Given an array A of size N. Determine a subsequence of A of length K, with the largest possible median.

# EXPLANATION:

Observation: A subsequence of A of length K with median X exists if and only if there are at least \lfloor\frac K 2\rfloor elements in A greater than X (and \lfloor \frac{K-1}{2}\rfloor elements lesser than X.)
(Proof left to the reader as an exercise!)

Therefore, the largest possible median attainable will be the (\lfloor\frac K 2\rfloor-1)^{th} largest element of A. It can be trivially shown that, one subsequence with this median, would be the set of the K greatest elements of A.

How do I find the $K$ greatest elements of $A$ while maintaining the relative order of the elements?

Create an array of pairs whose elements are \{A_i, i\}, for all valid i.

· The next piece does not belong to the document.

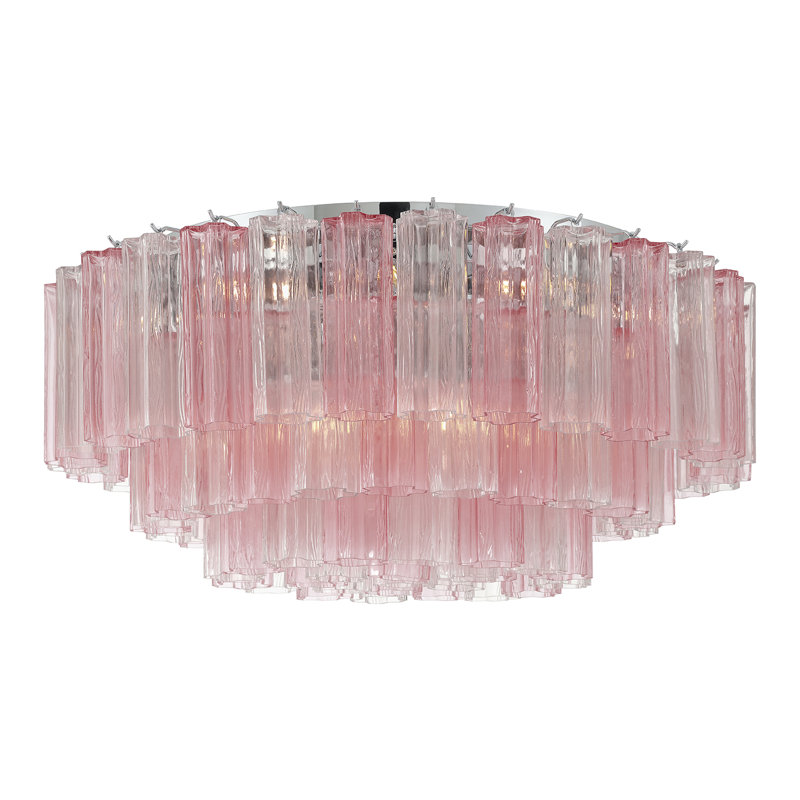 Wesham 16 Light Aged Brass Flush Mount, Chrome, Pink
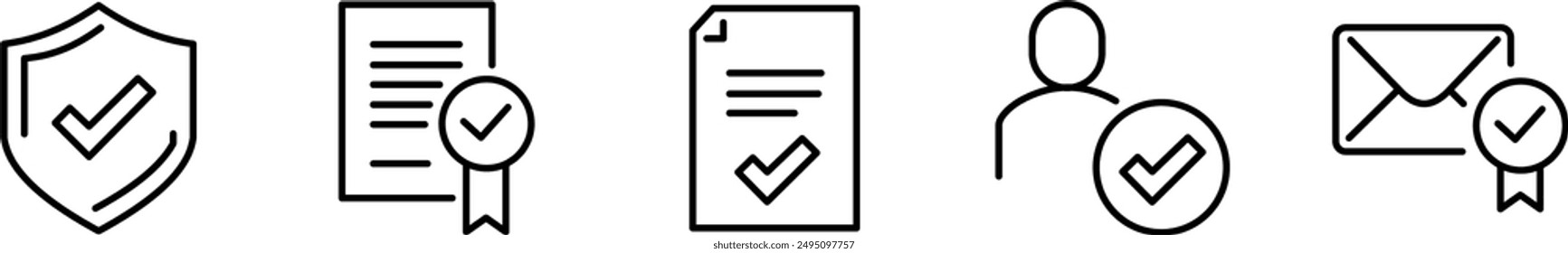 Approve Related Simple Set of Vector Line Icons. Contains such Icons as Protection Guarantee, Accepted Document, Editable Stroke. Vector Illustration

Sort the array in ascending order, by the first term. Create a new array with the last K elements of the sorted array. Then, sort this new array by the second term (the indices of the elements) to restore the relative order of the elements.

# TIME COMPLEXITY:

Since we sort the array twice (once to find the K greatest elements, once to restore the relative order of the selected elements), the total time complexity is:

O(2*N\log N) \approx O(N\log N)

# SOLUTIONS:

Editorialist’s solution can be found here

Experimental: For evaluation purposes, please rate the editorial (1 being poor and 5 excellent)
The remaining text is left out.